**Aim of the task:**
The records that follow are to be repeated exactly, without any pictures.

**Image-text web data:**
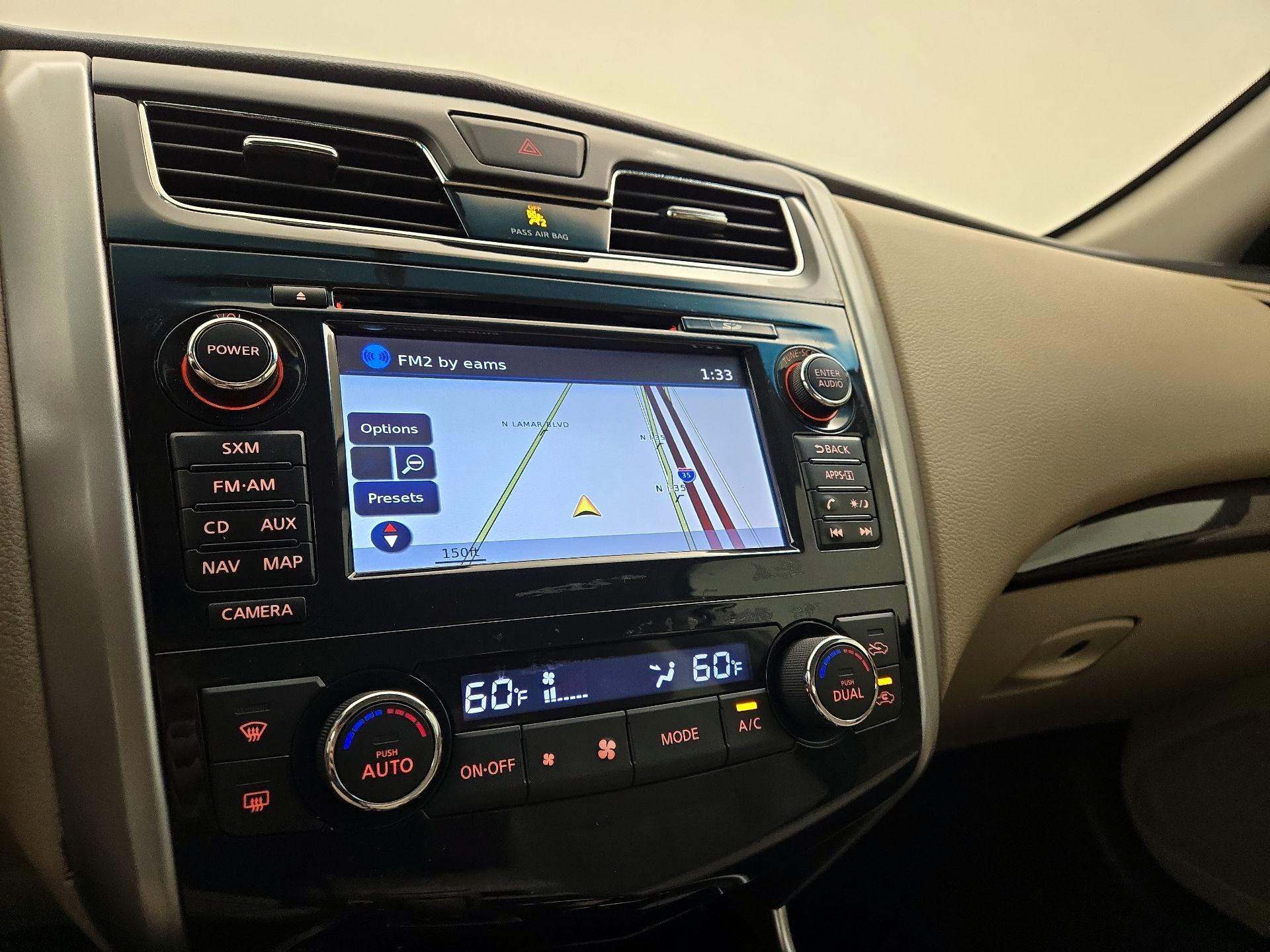 Thumbnail: 2015 Nissan Altima - 14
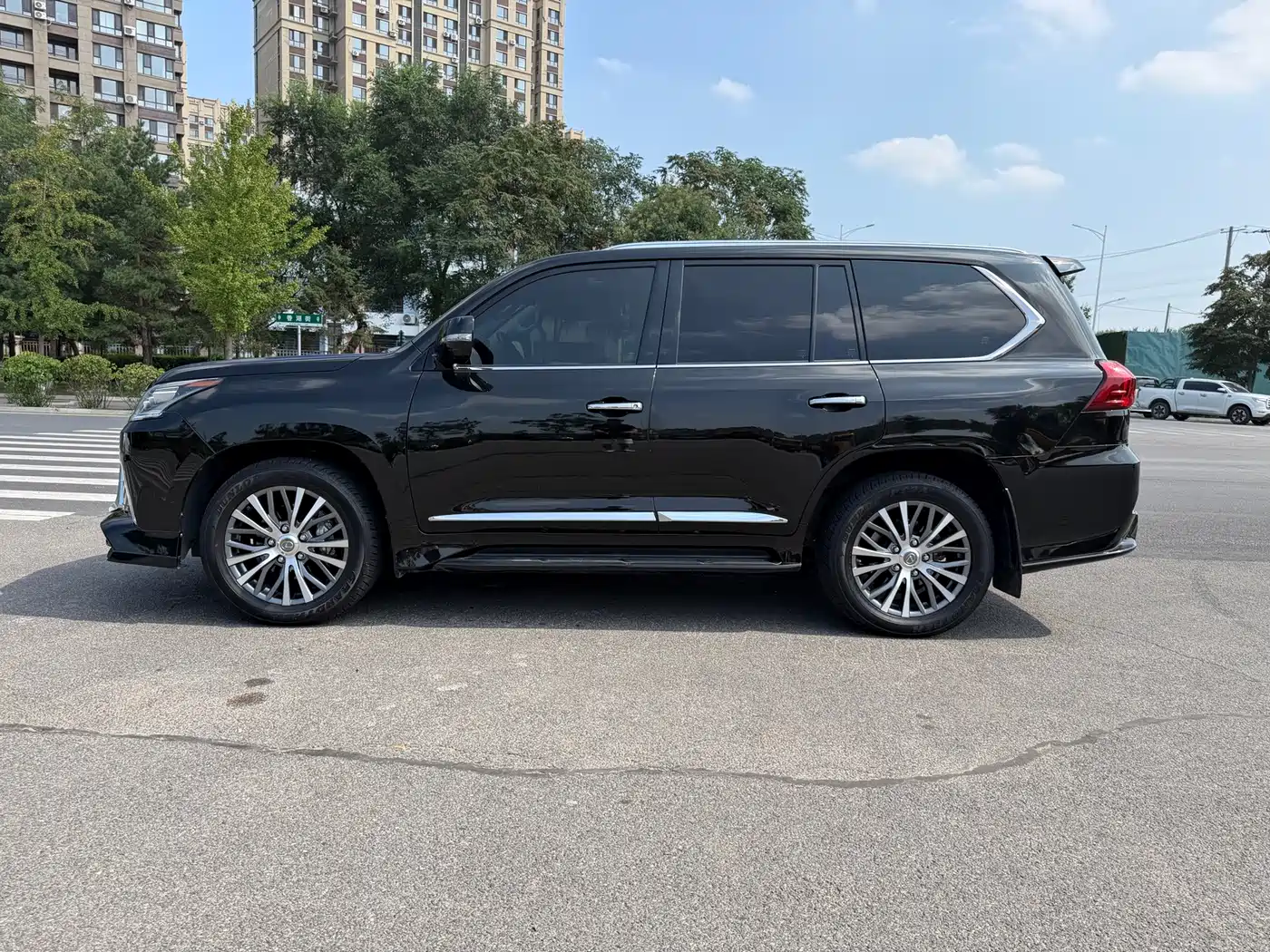 Фото 7 - Lexus LX
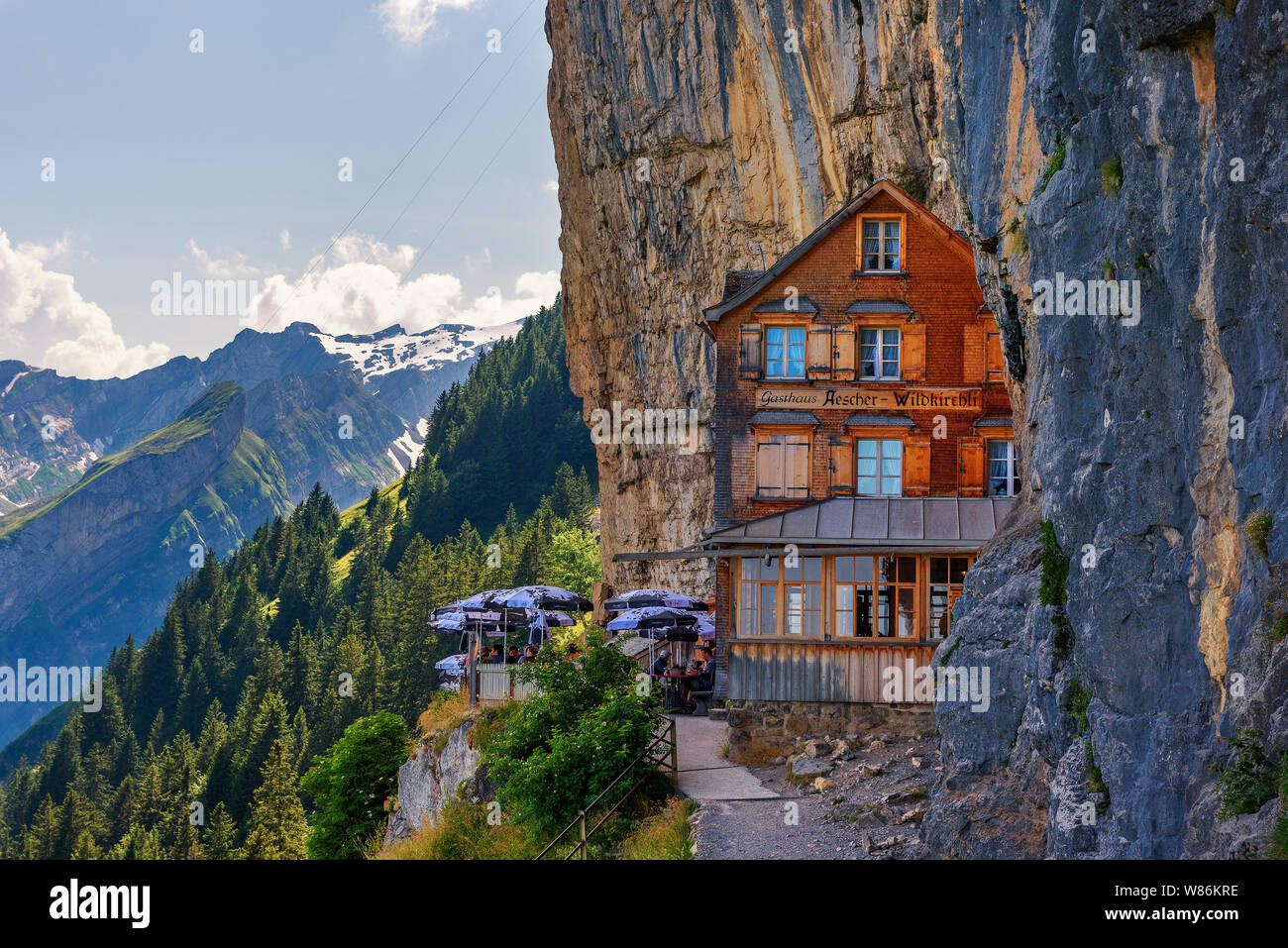 Guest house Aescher-Wildkirchli unter einem Felsen auf dem Berg Ebenalp in der Schweiz Stockfoto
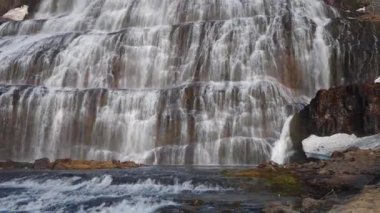 Dynjandi Şelalesi Üssü, Westfjords İzlanda. Popüler Turizm Merkezi. Muhteşem Doğa Manzarası. Su çok hızlı akıyor. Yavaş Hareket Eğimi Ekran Yukarı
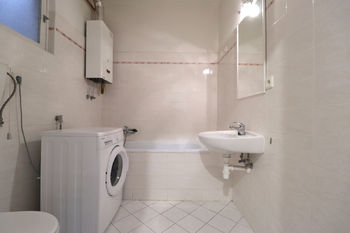 Koupelna - Pronájem bytu 2+1 v osobním vlastnictví 46 m², Praha 4 - Michle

**Exercise output:**
 Thumbnail: 2015 Nissan Altima - 14
 Фото 7 - Lexus LX
 Guest house Aescher-Wildkirchli unter einem Felsen auf dem Berg Ebenalp in der Schweiz Stockfoto
 Dynjandi Şelalesi Üssü, Westfjords İzlanda. Popüler Turizm Merkezi. Muhteşem Doğa Manzarası. Su çok hızlı akıyor. Yavaş Hareket Eğimi Ekran Yukarı
 Koupelna - Pronájem bytu 2+1 v osobním vlastnictví 46 m², Praha 4 - Michle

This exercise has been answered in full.